Skip to content

Conversation

twpayne
Copy link
Contributor

@twpayne twpayne commented Mar 19, 2025

Description:

Fixes #1796.

This switches the default regular expression package back to Go's standard regexp package. Users can still opt-in to using github.com/wasilabs/go-re2 by building with the gore2regex build tag.

See the discussion in #1796. This regexp will likely be a significant performance improvement in all cases except very long-running processes. Specifically, go-re2 has very high initialization and regular expression compilation costs that the standard library does not.

Checklist:

  • Does your PR pass tests? Yes -- all existing tests pass.
  • Have you written new tests for your changes? No -- they are already covered by existing tests.
  • Have you lint your code locally prior to submission? Yes -- there are lint errors in the current code, but they are unrelated to this PR.

@rgmz
Copy link
Contributor

rgmz commented Mar 19, 2025

This regexp will likely be a significant performance improvement in all cases except very long-running processes. Specifically, go-re2 has very high initialization and regular expression compilation costs that the standard library does not.

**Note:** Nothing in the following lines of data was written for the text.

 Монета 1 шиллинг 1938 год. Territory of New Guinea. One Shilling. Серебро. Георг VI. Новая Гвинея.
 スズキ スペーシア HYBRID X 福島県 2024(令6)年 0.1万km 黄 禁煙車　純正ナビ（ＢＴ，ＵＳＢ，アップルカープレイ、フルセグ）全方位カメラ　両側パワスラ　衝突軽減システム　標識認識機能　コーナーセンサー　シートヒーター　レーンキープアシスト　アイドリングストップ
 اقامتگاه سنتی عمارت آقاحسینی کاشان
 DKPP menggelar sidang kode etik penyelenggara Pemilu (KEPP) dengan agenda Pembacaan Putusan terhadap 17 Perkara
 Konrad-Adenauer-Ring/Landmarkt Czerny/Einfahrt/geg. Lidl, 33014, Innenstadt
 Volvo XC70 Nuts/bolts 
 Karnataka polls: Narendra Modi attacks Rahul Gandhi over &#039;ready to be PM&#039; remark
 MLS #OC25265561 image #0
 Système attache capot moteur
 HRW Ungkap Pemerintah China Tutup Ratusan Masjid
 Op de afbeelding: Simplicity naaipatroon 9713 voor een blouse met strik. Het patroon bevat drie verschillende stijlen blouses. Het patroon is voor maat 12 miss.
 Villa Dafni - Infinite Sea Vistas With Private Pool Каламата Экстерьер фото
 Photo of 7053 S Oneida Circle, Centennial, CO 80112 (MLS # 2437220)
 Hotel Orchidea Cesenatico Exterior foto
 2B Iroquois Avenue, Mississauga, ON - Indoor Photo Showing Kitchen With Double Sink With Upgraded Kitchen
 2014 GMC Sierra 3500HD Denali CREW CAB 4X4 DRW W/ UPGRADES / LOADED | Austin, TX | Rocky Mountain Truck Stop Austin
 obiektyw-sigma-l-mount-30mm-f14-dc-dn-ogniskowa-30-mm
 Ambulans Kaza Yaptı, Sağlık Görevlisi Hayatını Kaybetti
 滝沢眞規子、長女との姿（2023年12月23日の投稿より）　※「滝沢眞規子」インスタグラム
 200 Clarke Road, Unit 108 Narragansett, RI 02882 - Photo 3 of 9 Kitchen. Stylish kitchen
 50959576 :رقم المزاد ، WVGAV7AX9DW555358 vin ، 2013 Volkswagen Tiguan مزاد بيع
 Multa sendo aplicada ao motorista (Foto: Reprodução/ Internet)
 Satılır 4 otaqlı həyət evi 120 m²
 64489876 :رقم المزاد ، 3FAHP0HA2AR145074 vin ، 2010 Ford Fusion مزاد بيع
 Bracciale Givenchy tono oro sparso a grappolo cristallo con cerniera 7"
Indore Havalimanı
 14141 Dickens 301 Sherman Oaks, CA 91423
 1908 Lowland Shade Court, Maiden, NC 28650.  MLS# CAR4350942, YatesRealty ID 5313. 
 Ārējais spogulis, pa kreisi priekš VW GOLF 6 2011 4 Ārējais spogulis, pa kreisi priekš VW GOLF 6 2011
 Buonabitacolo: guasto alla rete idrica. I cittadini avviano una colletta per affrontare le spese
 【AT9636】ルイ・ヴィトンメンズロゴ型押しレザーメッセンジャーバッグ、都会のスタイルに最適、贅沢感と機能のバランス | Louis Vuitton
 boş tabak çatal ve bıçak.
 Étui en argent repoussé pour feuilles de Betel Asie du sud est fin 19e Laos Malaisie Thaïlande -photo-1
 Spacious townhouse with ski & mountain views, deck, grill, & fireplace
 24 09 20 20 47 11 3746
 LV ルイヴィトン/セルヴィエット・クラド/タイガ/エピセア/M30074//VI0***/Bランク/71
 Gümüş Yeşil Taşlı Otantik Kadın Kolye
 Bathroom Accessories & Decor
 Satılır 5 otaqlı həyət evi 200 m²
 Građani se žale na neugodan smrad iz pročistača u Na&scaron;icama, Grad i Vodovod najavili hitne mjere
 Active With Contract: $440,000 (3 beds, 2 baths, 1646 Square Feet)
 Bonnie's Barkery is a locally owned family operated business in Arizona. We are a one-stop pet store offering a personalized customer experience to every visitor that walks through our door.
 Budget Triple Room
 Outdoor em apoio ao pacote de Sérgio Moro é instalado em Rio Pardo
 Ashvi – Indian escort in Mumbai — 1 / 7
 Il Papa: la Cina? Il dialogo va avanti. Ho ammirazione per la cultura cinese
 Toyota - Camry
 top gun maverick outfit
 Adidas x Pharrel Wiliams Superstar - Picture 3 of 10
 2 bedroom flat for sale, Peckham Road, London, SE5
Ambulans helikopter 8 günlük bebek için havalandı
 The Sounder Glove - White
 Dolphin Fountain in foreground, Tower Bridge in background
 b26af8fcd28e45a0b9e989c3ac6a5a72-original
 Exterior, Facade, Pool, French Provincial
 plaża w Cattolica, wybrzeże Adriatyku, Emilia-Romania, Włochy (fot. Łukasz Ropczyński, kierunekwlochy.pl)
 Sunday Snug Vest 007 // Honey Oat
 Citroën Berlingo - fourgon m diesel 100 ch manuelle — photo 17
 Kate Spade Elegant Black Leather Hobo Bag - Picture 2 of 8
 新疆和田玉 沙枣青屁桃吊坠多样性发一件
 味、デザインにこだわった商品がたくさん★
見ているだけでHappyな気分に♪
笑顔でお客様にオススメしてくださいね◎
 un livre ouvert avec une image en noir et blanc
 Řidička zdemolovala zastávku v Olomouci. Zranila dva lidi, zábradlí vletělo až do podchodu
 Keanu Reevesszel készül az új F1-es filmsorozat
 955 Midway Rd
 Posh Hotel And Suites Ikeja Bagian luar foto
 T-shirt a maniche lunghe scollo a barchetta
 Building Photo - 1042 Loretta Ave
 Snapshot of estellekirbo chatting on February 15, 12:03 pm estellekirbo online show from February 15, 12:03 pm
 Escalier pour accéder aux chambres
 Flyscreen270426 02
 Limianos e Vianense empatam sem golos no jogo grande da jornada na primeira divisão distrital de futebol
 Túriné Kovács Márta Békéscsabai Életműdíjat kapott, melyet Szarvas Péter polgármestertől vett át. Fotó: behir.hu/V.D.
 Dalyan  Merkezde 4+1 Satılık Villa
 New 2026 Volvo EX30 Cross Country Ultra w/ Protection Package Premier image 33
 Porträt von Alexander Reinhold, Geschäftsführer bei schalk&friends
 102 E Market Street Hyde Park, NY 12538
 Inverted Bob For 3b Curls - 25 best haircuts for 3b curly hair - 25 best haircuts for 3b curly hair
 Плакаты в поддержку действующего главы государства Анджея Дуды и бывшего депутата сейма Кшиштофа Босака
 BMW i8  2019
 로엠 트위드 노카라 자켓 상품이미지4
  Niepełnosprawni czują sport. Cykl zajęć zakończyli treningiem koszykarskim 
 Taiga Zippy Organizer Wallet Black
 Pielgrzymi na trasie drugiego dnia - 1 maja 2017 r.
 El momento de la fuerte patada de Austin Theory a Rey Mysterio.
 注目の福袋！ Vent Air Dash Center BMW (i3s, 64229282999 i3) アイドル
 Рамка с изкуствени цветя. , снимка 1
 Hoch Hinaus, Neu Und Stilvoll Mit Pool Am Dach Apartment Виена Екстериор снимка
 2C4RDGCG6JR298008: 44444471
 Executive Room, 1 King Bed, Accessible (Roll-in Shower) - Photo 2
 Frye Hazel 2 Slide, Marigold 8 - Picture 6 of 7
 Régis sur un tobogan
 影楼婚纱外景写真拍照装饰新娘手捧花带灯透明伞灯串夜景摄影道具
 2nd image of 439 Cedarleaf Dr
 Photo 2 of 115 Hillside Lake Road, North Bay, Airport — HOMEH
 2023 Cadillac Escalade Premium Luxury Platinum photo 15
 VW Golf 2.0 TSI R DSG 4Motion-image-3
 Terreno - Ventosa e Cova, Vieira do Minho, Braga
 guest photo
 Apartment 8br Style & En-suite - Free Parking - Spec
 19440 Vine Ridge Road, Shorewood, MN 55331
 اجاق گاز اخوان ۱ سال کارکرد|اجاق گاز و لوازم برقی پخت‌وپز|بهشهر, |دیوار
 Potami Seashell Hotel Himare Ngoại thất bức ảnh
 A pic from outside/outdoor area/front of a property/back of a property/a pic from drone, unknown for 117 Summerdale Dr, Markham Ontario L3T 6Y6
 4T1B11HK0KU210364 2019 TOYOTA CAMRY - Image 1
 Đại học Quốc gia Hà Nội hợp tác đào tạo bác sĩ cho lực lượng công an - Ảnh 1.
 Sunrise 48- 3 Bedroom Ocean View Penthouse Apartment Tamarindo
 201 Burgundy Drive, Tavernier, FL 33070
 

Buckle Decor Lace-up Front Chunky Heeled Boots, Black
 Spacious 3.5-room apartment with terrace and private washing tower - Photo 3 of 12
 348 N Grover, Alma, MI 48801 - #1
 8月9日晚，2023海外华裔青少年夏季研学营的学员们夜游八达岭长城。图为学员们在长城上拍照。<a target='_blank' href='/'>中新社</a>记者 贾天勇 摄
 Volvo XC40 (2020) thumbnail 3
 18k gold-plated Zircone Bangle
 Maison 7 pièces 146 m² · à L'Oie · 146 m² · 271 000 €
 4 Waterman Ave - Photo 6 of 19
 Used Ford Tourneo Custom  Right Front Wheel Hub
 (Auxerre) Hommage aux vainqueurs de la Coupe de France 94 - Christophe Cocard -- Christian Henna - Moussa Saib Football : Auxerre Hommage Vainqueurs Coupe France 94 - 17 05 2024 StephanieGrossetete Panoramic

IIRC go-re2 is faster in all cases, at the cost of increased startup time and memory usage.

@twpayne
Copy link
Contributor Author

twpayne commented Mar 19, 2025

Picking a random line from go-re2's benchmarks:

name \ time/op                  build/bench_stdlib.txt  build/bench.txt   build/bench_cgo.txt

Match/Medium/1M-4                     29406989.0n ± ∞ ¹      42947.0n ± ∞ ¹     -99.85% (p=0.008 n=5)     154.6n ± ∞ ¹   -100.00% (p=0.008 n=5)

The standard library takes 29.4ns per medium match, whereas go-re2 takes only 0.043ns per medium match (this is very suspicious: I wonder if there's a problem with their benchmarks). Given that go-re2 has an initialization cost of 160ms, this means that go-re2 will be faster after 160ms/29.4ns = 5,442,176.9 matches.

@rgmz
Copy link
Contributor

rgmz commented Mar 19, 2025

Given that go-re2 has an initialization cost of 160ms, this means that go-re2 will be faster after 160ms/29.4ns = 5,442,176.9 matches.

I don't know if the calculation is as straightforward, it'd be interesting to factor in almost matches.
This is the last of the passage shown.